Saved entries:
##############################

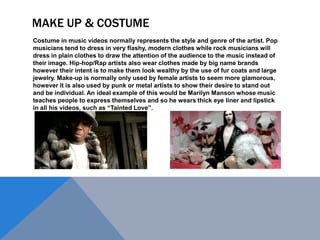 MAKE UP & COSTUME
Costume in music videos normally represents the style and genre of the artist. Pop
musicians tend to dress in very flashy, modern clothes while rock musicians will
dress in plain clothes to draw the attention of the audience to the music instead of
their image. Hip-hop/Rap artists also wear clothes made by big name brands
however their intent is to make them look wealthy by the use of fur coats and large
jewelry. Make-up is normally only used by female artists to seem more glamorous,
however it is also used by punk or metal artists to show their desire to stand out
and be individual. An ideal example of this would be Marilyn Manson whose music
teaches people to express themselves and so he wears thick eye liner and lipstick
in all his videos, such as “Tainted Love”.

##############################

Would you return the data above exactly as written, minus the images?

ANSWER BELOW:
 MAKE UP & COSTUME
Costume in music videos normally represents the style and genre of the artist. Pop
musicians tend to dress in very flashy, modern clothes while rock musicians will
dress in plain clothes to draw the attention of the audience to the music instead of
their image. Hip-hop/Rap artists also wear clothes made by big name brands
however their intent is to make them look wealthy by the use of fur coats and large
jewelry. Make-up is normally only used by female artists to seem more glamorous,
however it is also used by punk or metal artists to show their desire to stand out
and be individual. An ideal example of this would be Marilyn Manson whose music
teaches people to express themselves and so he wears thick eye liner and lipstick
in all his videos, such as “Tainted Love”.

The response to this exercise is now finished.